> Exercise details
Would you restate all the data that follows, word for word?

> Data for this exercise
-*-

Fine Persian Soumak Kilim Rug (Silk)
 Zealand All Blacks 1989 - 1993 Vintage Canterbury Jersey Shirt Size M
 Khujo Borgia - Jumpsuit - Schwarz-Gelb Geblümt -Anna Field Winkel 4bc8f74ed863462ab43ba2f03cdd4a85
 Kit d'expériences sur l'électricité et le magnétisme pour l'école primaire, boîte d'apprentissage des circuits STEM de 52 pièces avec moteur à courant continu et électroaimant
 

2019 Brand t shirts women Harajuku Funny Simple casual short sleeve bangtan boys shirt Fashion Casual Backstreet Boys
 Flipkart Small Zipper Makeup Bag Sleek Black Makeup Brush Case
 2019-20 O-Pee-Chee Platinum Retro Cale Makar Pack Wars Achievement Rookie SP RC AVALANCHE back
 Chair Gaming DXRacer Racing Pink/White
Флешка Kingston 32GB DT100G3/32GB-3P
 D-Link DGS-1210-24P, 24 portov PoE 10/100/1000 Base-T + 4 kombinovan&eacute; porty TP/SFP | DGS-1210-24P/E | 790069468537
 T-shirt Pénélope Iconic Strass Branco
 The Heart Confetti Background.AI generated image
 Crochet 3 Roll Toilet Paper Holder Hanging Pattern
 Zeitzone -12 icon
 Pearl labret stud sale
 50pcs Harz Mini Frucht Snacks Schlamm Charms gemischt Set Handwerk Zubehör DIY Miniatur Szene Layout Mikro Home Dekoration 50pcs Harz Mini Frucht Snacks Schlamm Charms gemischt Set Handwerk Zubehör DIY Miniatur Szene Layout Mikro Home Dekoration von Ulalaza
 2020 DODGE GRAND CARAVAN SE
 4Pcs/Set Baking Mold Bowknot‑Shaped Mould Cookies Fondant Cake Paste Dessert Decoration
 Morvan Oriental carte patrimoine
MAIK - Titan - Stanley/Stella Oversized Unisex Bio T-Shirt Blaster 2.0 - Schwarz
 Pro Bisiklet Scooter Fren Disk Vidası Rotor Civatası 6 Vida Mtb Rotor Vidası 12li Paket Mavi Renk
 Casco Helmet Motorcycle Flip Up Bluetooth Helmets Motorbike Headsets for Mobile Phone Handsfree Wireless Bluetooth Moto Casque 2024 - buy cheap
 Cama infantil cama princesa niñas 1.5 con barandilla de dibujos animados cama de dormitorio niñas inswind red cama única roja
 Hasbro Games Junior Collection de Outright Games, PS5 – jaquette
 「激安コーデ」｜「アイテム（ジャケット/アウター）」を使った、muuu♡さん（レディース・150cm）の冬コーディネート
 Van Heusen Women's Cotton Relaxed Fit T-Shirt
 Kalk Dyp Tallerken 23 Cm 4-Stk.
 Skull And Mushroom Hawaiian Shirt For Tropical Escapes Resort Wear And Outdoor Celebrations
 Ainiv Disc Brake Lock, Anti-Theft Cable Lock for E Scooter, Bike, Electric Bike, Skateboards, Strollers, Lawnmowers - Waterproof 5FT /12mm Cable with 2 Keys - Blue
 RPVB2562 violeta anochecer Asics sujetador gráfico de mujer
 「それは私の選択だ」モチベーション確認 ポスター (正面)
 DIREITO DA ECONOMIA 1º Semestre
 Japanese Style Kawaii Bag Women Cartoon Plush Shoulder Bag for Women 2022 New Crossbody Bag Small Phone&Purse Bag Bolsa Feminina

-*-

> Completed exercise
Fine Persian Soumak Kilim Rug (Silk)
 Zealand All Blacks 1989 - 1993 Vintage Canterbury Jersey Shirt Size M
 Khujo Borgia - Jumpsuit - Schwarz-Gelb Geblümt -Anna Field Winkel 4bc8f74ed863462ab43ba2f03cdd4a85
 Kit d'expériences sur l'électricité et le magnétisme pour l'école primaire, boîte d'apprentissage des circuits STEM de 52 pièces avec moteur à courant continu et électroaimant
 

2019 Brand t shirts women Harajuku Funny Simple casual short sleeve bangtan boys shirt Fashion Casual Backstreet Boys
 Flipkart Small Zipper Makeup Bag Sleek Black Makeup Brush Case
 2019-20 O-Pee-Chee Platinum Retro Cale Makar Pack Wars Achievement Rookie SP RC AVALANCHE back
 Chair Gaming DXRacer Racing Pink/White
Флешка Kingston 32GB DT100G3/32GB-3P
 D-Link DGS-1210-24P, 24 portov PoE 10/100/1000 Base-T + 4 kombinovan&eacute; porty TP/SFP | DGS-1210-24P/E | 790069468537
 T-shirt Pénélope Iconic Strass Branco
 The Heart Confetti Background.AI generated image
 Crochet 3 Roll Toilet Paper Holder Hanging Pattern
 Zeitzone -12 icon
 Pearl labret stud sale
 50pcs Harz Mini Frucht Snacks Schlamm Charms gemischt Set Handwerk Zubehör DIY Miniatur Szene Layout Mikro Home Dekoration 50pcs Harz Mini Frucht Snacks Schlamm Charms gemischt Set Handwerk Zubehör DIY Miniatur Szene Layout Mikro Home Dekoration von Ulalaza
 2020 DODGE GRAND CARAVAN SE
 4Pcs/Set Baking Mold Bowknot‑Shaped Mould Cookies Fondant Cake Paste Dessert Decoration
 Morvan Oriental carte patrimoine
MAIK - Titan - Stanley/Stella Oversized Unisex Bio T-Shirt Blaster 2.0 - Schwarz
 Pro Bisiklet Scooter Fren Disk Vidası Rotor Civatası 6 Vida Mtb Rotor Vidası 12li Paket Mavi Renk
 Casco Helmet Motorcycle Flip Up Bluetooth Helmets Motorbike Headsets for Mobile Phone Handsfree Wireless Bluetooth Moto Casque 2024 - buy cheap
 Cama infantil cama princesa niñas 1.5 con barandilla de dibujos animados cama de dormitorio niñas inswind red cama única roja
 Hasbro Games Junior Collection de Outright Games, PS5 – jaquette
 「激安コーデ」｜「アイテム（ジャケット/アウター）」を使った、muuu♡さん（レディース・150cm）の冬コーディネート
 Van Heusen Women's Cotton Relaxed Fit T-Shirt
 Kalk Dyp Tallerken 23 Cm 4-Stk.
 Skull And Mushroom Hawaiian Shirt For Tropical Escapes Resort Wear And Outdoor Celebrations
 Ainiv Disc Brake Lock, Anti-Theft Cable Lock for E Scooter, Bike, Electric Bike, Skateboards, Strollers, Lawnmowers - Waterproof 5FT /12mm Cable with 2 Keys - Blue
 RPVB2562 violeta anochecer Asics sujetador gráfico de mujer
 「それは私の選択だ」モチベーション確認 ポスター (正面)
 DIREITO DA ECONOMIA 1º Semestre
 Japanese Style Kawaii Bag Women Cartoon Plush Shoulder Bag for Women 2022 New Crossbody Bag Small Phone&Purse Bag Bolsa Feminina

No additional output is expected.